**Problem:** From the entries below, please output exactly the lines starting at the one containing "Terrasse avec mobilier" and ending at the one containing "Black and white", both included.

**Record set:**
★ ★ ★ ★

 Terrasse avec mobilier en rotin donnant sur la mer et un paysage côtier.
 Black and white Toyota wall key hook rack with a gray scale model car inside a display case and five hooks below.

★ ★ ★ ★

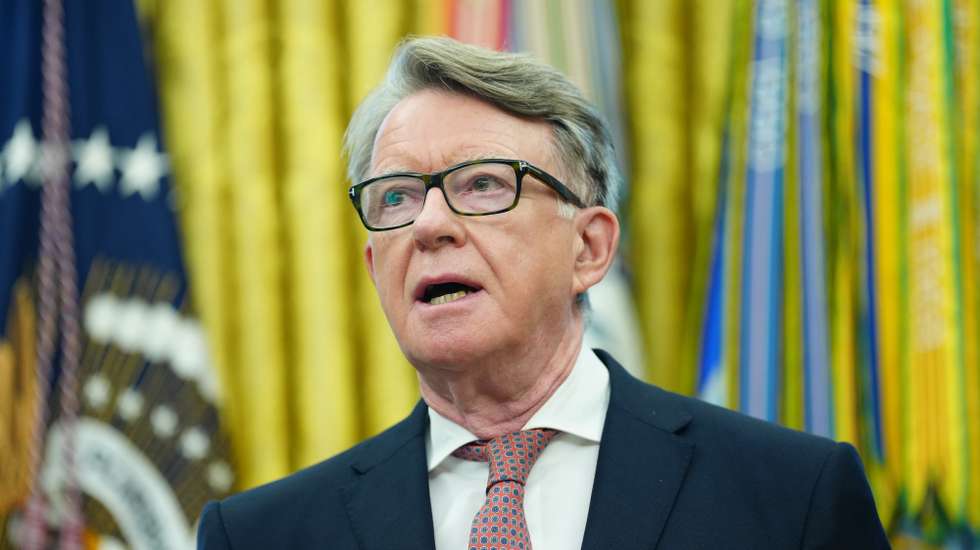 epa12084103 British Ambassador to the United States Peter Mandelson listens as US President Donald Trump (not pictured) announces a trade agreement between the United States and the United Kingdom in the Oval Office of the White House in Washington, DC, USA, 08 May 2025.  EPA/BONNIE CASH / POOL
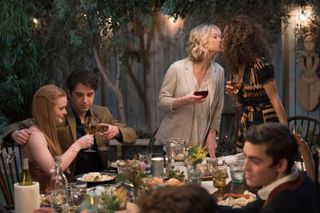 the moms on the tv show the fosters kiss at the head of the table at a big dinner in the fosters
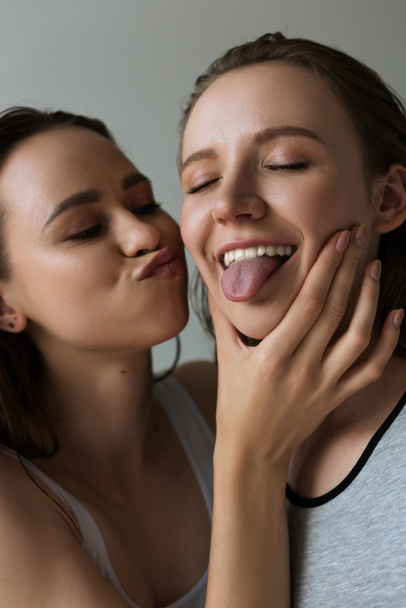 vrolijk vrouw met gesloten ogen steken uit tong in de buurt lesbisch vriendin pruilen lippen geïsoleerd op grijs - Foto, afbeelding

★ ★ ★ ★

**Written solution:**
 Terrasse avec mobilier en rotin donnant sur la mer et un paysage côtier.
 Black and white Toyota wall key hook rack with a gray scale model car inside a display case and five hooks below.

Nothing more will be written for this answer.